Print exactly, and only, the lines from the one containing "LINEAR Cooling hűtőszekrény" through the last line of the records below, both included; leave out the pictures.

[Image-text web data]

BEGIN

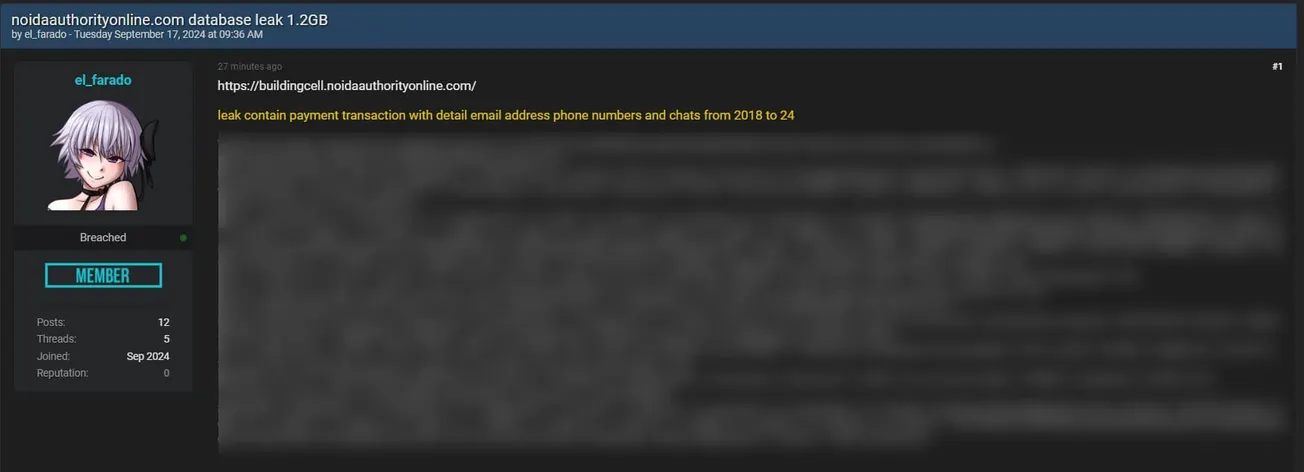 A Threat Actor Allegedly Leaked the Database of NOIDA
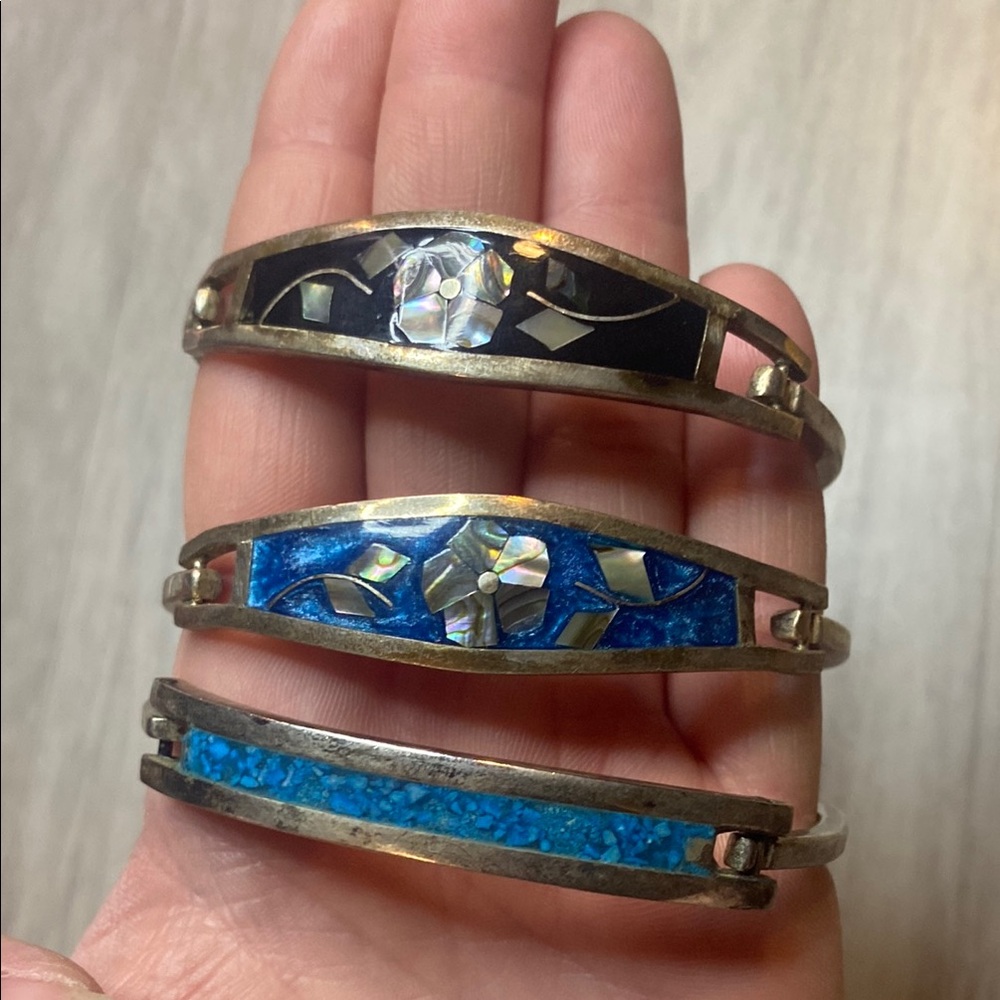 VTG Sterling Mexico Taxco Hinged Bangles Lot of 3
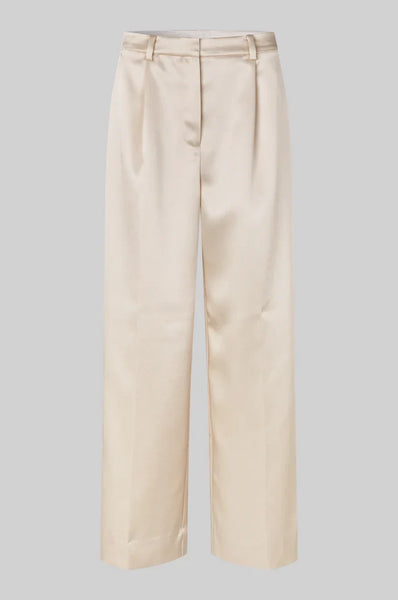 Perlla Satin Trousers - Soft Beige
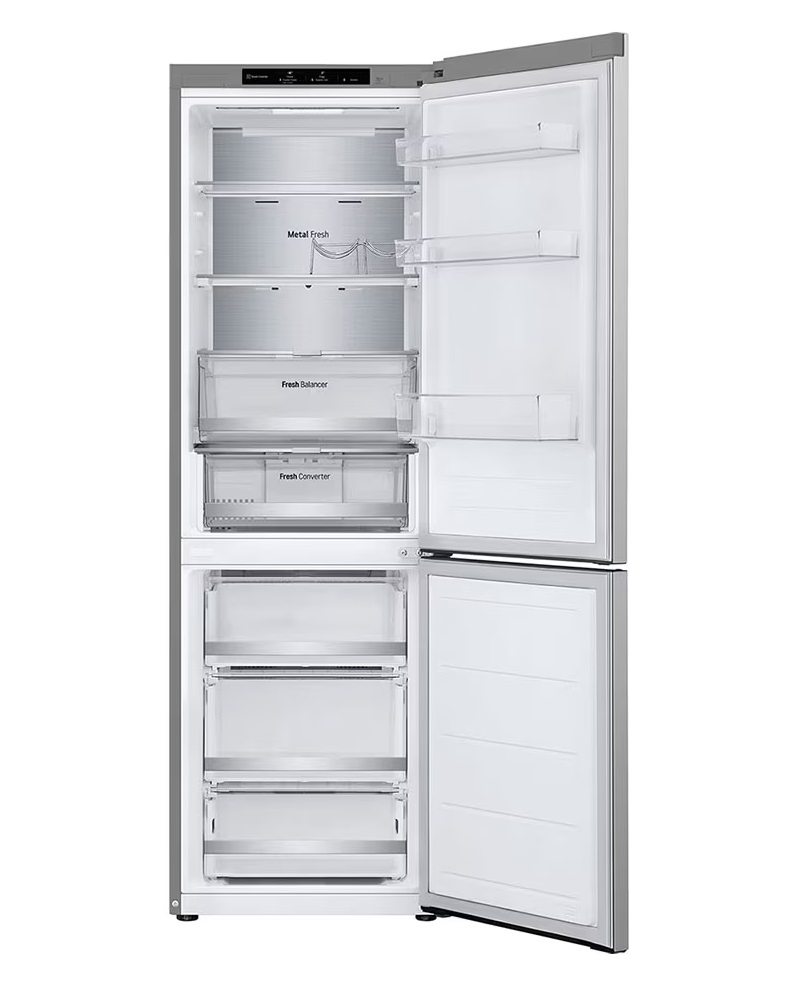 LG GBV7180CPY hamvasezüst, alulfagyasztós, Hűtő:234L, Fagyasztó:110L, DoorCooling + LINEAR Cooling hűtőszekrény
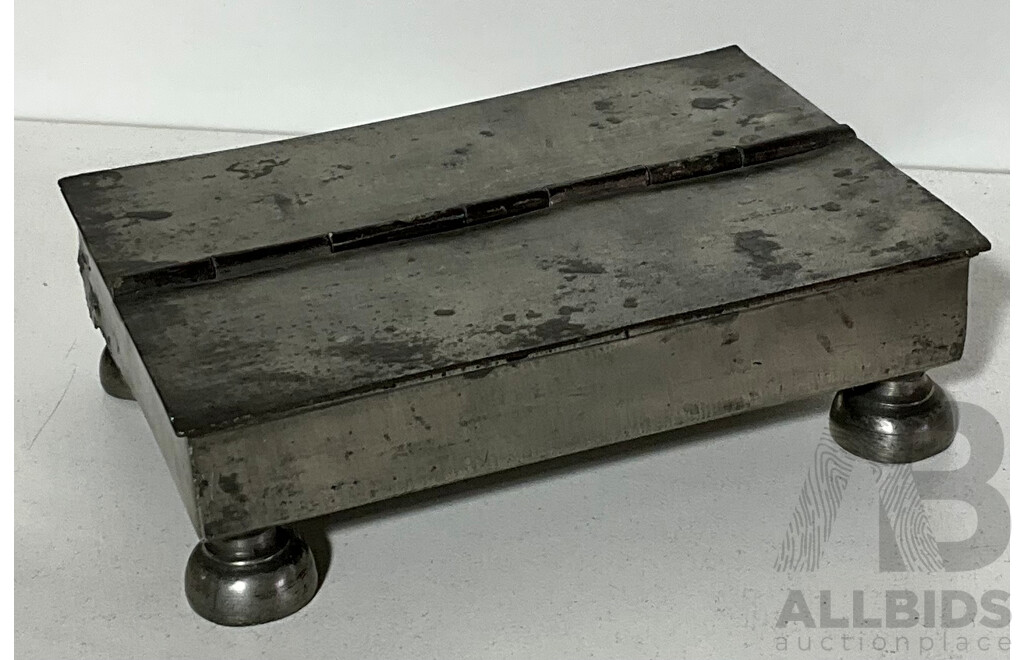 Vintage Pewter Desk Box with Two Compartments and Hinged Lid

END

_Task response_:
 LG GBV7180CPY hamvasezüst, alulfagyasztós, Hűtő:234L, Fagyasztó:110L, DoorCooling + LINEAR Cooling hűtőszekrény
 Vintage Pewter Desk Box with Two Compartments and Hinged Lid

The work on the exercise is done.